GLOBAL: Microbicide hopes dashed again
The search for a female-controlled method of HIV prevention continues
Johannesburg, 14 December 2009 (PlusNews) - A four-year clinical trial involving nearly 10,000 women in East and Southern Africa has found that the vaginal microbicide gel, PRO 2000, is safe but not effective at preventing HIV infection.
The trial, known as MDP 301, found that women who applied a vaginal gel containing a 0.2 percent dose of PRO 2000 before sex were infected with HIV at about the same rate as women who applied a placebo gel.
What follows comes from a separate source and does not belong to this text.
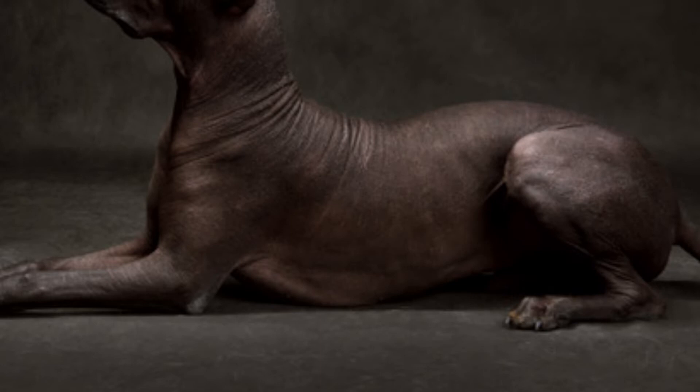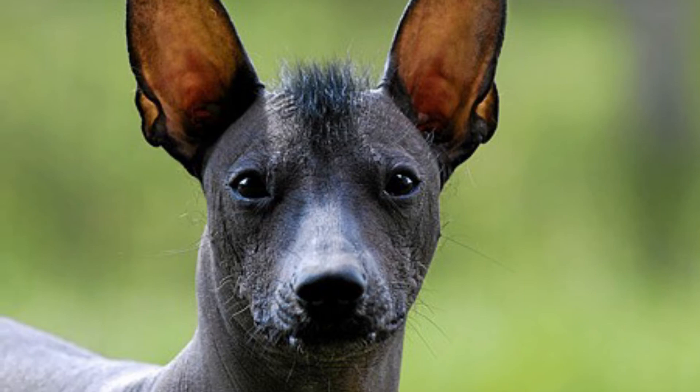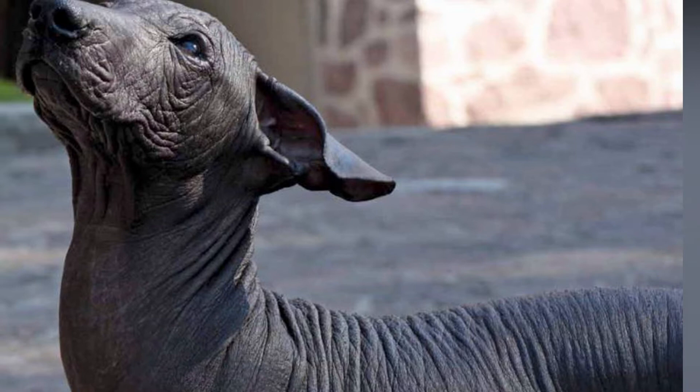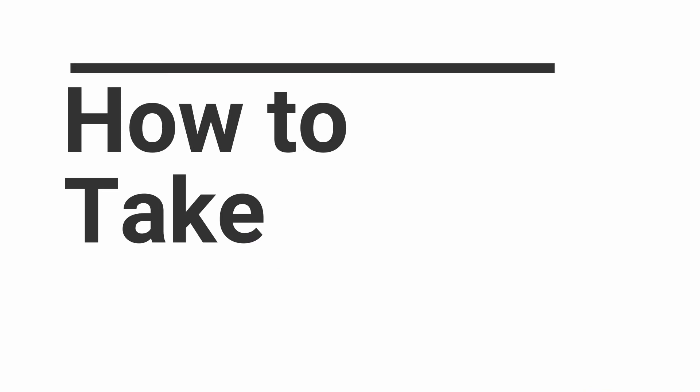Xoloitzcuintli common health issues: since it was allowed to develop freely with little artificial selection by humans, the Xoloitzcuintli has few inheritable health problems that plague other breeds. This also means it has an excellent lifespan of 13 to 18 years. They do suffer from dry skin, some drug sensitivities, cancer, and joint issues.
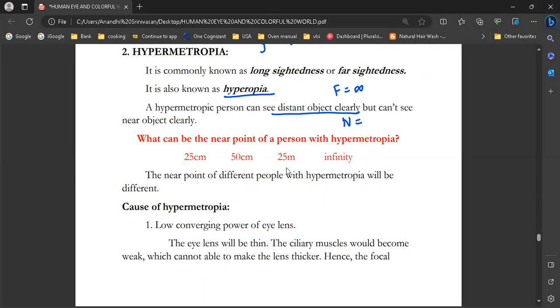So how do you find the near point? For a hypermetropic person, the near point is not at the normal 25 cm. It will be around 50 cm or more. The near point varies depending on the degree of defect — it is different for different people with hypermetropia. It is just an average calculation.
During the course of the trial at six research sites in South Africa, Uganda, Zambia and Tanzania, 130 women in the PRO 2000 gel group and 123 in the placebo group became infected with HIV - a difference that was not significant.
More than a decade of research has so far failed to find a microbicide that protects women against sexually-transmitted HIV when applied to the vagina as a gel, foam or cream.
Hopes for MDP 301 were high after promising results from a smaller
trial of PRO 2000, involving 3,000 women in Malawi, South Africa, Zambia, Zimbabwe and the United States, were released in February 2009.
The PRO 2000 gel reduced a woman's chance of contracting HIV by 30 percent, compared to a placebo gel. The finding was not statistically significant, but was enough to raise expectations that a larger trial could provide more conclusive evidence.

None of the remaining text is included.